» **PROVIDED DATA**:
===============

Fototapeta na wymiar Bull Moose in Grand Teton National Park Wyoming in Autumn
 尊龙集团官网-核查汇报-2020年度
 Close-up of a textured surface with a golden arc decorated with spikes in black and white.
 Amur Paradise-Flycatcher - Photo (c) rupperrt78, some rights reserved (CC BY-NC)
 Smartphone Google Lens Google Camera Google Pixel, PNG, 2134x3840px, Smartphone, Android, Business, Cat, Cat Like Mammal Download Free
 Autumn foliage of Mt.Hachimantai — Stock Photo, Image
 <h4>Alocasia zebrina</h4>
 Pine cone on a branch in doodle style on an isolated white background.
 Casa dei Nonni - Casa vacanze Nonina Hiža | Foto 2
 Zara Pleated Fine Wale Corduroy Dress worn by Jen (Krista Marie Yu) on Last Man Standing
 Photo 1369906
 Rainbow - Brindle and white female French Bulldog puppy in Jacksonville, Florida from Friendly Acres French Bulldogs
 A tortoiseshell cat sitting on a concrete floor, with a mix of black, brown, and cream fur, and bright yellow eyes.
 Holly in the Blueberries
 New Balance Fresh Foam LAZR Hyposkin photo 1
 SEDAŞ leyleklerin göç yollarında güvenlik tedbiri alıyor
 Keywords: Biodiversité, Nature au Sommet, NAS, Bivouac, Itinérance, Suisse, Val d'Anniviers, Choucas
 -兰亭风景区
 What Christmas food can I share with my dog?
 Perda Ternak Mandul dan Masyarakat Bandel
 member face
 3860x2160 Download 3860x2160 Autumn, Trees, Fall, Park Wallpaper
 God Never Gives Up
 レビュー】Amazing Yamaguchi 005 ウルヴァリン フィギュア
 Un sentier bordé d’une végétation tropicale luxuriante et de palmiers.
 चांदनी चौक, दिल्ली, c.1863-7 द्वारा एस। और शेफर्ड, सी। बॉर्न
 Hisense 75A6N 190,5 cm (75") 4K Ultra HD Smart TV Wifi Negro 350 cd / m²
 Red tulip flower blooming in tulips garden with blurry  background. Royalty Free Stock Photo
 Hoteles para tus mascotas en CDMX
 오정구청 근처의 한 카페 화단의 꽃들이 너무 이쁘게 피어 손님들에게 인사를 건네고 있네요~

===============

» **EXERCISE PROMPT**: Reproduce the records above exactly, from the first line to the line that holds "Close-up of a", inclusive, and omit everything after it.

» **EXPECTED OUTPUT**:
Fototapeta na wymiar Bull Moose in Grand Teton National Park Wyoming in Autumn
 尊龙集团官网-核查汇报-2020年度
 Close-up of a textured surface with a golden arc decorated with spikes in black and white.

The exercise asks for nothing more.